Licenciement économique: l’adhésion au CSP n’empêche pas de contester le licenciement.
Une salariée ayant fait l’objet d’un licenciement pour motif économique a accepté le Contrat de sécurisation professionnelle (CSP), puis a contesté son licenciement. La salariée estimait que la carence de l’employeur dans l’organisation des élections de délégués du personnel l’avait empêchée de se faire assister au cours de l’entretien préalable. La Cour de cassation fait droit à cette argumentation en précisant que « l’adhésion à un contrat de sécurisation professionnelle constitue une modalité du licenciement pour motif économique et ne prive pas le salarié du droit d’obtenir l’indemnisation du préjudice que lui a causé l’irrégularité de la lettre de convocation à l’entretien préalable » (Cass. Soc., 17 mars 2015, n°13-26.941).

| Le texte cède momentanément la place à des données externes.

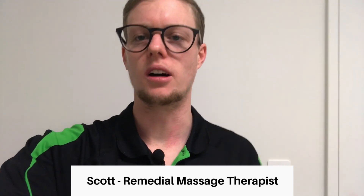Have you got a foam roller for self-massage but have no idea what you're doing? Well fear no more, do it with me. Hi, I'm Scott, the new remedial massage therapist at Lakelands Physio, and today I'm going to show you how to use a foam roller on the lower body.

Contrat de génération: extension aux CDI d’apprentissage et simplification des démarches.
Désormais, l’aide financière de 4.000 € dans le cadre du contrat de génération sera accordée aux entreprises de moins de 300 salariés pour les nouveaux « CDI d’apprentissage » créés par la loi dite « Formation » du 5 mars 2014. L’âge du salarié, qui doit être de moins de 26 ans, est apprécié au premier jour d’exécution de ce contrat suivant l’expiration de la période d’apprentissage. Pour inciter les entreprises à recourir au contrat de génération, le décret a supprimé les dispositions relatives à l’obligation de transmission du diagnostic préalable à la Direccte, la loi Formation ayant déjà mis fin à l’obligation préalable de conclure un accord collectif, d’élaborer un plan d’actions ou d’être couvertes par un accord de branche (D. n°2015-249 du 3 mars 2015, JO du 5 mars).
Temps de travail: sécurisation des forfaits annuels en jours pour les cabinets d’experts comptables et commissaires aux comptes.
En mai 2014, la Cour de cassation jugeait que les conventions individuelles de forfait en jours conclues sur le fondement de la Convention collective des cabinets d’experts comptables et de commissaires aux comptes n’étaient pas de nature à assurer la protection de la santé et de la sécurité des salariés. La négociation entre les partenaires sociaux à abouti à un avenant « relatif au calcul annuel en jours de la durée du travail ». Il est prévu une durée maximale de 218 jours par an, avec une charge de travail raisonnable ne devant pas dépasser 5 jours par semaine et 23 jours par mois. Un droit de ne pas répondre aux éventuelles sollicitations de toute provenance est également institué. Chaque salarié au forfait devra établir un relevé mensuel permettant un contrôle de sa durée du travail, qui devra être examiné par l’employeur, en plus de l’entretien annuel. Une compensation pour surcharge de travail imprévue pourra être définie entre le salarié et son employeur. La rémunération des salariés en forfait jours est également majorée à compter du 1er avril 2015 (Avenant 24 bis du 18 février 2015).